1. Röportaj

1.8K 43 21
                                    

on sene sonra ilk hikayem, lütfen linçlemeyin <3

bu bölümde olmasada kitap 99% +18 içerikli olacak haberişkoooo

#########

Stadyumun hemen yanındaki basın odasında yoğun bir koşuşturma vardı. Kameraman ve ses ekibi, ağır ve karmaşık görünen ekipmanlarını büyük bir titizlikle kuruyorlardı. Tripodlar ayarlanıyor, kablolar düzgünce yerleştiriliyor ve mikrofonlar test ediliyordu. Bir yandan da ışık ekibi, çekim kalitesini artırmak için spot ışıkları yerleştiriyordu. Herkesin telaşlı ve dikkatli halleri, yayının ciddiyetini yansıtıyordu.

Odanın bir köşesinde, makyajımı yapan asistan, elindeki fırçayla dalgalı kahverengi saçlarımı düzeltiyordu. Konsantre olmuş bir şekilde, yüzümdeki makyajı tazeleyip pürüzsüz bir görünüm elde etmeye çalışıyordu. Arada bir aynaya bakmamı isteyip küçük dokunuşlarla saçlarımı ve makyajımı mükemmelleştiriyordu.

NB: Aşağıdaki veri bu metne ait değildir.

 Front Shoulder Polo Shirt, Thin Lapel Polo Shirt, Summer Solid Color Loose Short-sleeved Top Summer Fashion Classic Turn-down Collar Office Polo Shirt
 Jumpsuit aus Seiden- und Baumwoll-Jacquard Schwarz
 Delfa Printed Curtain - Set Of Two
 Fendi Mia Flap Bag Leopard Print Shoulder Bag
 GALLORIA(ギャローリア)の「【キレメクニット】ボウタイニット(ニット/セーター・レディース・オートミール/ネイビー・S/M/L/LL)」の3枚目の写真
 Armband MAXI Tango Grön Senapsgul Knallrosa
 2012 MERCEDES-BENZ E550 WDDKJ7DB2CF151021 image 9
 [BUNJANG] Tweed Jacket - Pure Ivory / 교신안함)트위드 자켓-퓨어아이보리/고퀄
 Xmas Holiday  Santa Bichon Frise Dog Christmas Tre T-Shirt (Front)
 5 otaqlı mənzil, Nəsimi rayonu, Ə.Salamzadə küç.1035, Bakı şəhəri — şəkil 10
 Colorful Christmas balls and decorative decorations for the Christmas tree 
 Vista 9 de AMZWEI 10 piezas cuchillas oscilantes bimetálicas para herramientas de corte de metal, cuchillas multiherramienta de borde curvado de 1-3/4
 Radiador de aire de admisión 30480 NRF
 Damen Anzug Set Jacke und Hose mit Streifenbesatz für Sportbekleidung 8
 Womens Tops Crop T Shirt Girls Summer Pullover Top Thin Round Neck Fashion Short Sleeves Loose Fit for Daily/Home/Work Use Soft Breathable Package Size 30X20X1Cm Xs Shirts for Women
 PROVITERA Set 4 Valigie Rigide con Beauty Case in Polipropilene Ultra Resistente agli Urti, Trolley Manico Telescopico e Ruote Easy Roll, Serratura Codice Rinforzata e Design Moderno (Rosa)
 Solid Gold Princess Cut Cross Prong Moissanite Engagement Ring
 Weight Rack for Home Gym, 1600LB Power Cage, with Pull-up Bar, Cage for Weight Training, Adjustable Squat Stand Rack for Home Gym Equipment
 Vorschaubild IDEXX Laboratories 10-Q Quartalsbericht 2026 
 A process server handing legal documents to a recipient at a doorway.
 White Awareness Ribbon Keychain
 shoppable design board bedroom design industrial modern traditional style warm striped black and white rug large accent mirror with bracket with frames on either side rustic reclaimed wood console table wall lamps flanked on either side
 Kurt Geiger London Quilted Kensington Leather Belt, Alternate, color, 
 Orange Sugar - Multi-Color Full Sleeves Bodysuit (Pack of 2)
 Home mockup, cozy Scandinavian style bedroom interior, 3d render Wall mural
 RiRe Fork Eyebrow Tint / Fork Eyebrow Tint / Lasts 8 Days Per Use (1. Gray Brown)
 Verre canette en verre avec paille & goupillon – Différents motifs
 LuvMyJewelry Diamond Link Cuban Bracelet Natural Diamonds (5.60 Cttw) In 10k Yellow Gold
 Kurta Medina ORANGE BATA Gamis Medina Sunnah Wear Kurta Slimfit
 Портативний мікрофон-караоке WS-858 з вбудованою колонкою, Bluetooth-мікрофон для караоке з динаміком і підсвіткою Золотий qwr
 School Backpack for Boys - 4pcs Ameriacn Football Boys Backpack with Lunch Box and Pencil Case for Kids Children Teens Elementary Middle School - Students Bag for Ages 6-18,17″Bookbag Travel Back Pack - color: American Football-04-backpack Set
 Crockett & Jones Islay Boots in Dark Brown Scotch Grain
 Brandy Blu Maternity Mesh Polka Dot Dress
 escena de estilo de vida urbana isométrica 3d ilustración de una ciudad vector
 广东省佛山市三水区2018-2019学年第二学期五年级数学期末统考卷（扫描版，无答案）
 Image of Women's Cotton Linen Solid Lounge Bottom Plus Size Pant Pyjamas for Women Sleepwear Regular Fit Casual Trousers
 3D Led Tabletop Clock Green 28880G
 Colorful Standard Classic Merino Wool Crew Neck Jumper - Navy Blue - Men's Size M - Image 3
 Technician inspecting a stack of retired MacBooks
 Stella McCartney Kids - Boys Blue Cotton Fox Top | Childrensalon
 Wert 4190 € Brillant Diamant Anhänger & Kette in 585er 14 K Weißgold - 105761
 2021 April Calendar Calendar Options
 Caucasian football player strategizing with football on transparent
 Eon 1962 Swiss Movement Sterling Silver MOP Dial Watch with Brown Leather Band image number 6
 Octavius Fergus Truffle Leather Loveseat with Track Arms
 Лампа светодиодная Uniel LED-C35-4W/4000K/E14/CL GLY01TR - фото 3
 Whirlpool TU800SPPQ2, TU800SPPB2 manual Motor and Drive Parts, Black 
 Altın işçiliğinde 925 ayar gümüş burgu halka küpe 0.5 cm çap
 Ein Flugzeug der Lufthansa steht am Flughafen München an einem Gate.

Maçın bitmesine birkaç dakika kalmıştı. Heyecan ve stres karışımı bir duyguyla, önümdeki notlara tekrar göz atıyordum. Her bir cümleyi dikkatlice okuyor, röportaj sırasında sormam gereken soruları zihnimde tekrar ediyordum. Kalbim hızla atarken, sorularımı içimden tekrar ederek kendimi sakinleştirmeye çalışıyordum.

"Bu maçla ilgili ne düşündünüz?"

"İleriye dönük taktik değişiklikleri planlıyor musunuz?"

Bu anlar, tüm stadyumun heyecanının ve stresinin küçük bir odada toplandığı anlardı. Herkesin gözleri maçın son düdüğüne ve ardından gelecek röportajlara odaklanmıştı. Yayının başlayacağı dakikalar yaklaşırken, odadaki hava daha da yoğunlaşıyor, profesyonellik ve heyecan birbirine karışıyordu.

Her ne kadar da futbolu sevsem, bu maçtan sonraki röportajlar mesleğimde en nefret ettiğim şeylerden bitanesiydi. Daha önce sokak röportajlarıyla ilgileniyordum, ve spor bültenine geçiş yapmam, kariyerim için büyük bir adım.

"Bal hanım, yayına bir dakika kaldı.", demişti Ceyhun abi. Ceyhun abi haber ajansından direktördü. Çok sert ve disiplinli bir adam.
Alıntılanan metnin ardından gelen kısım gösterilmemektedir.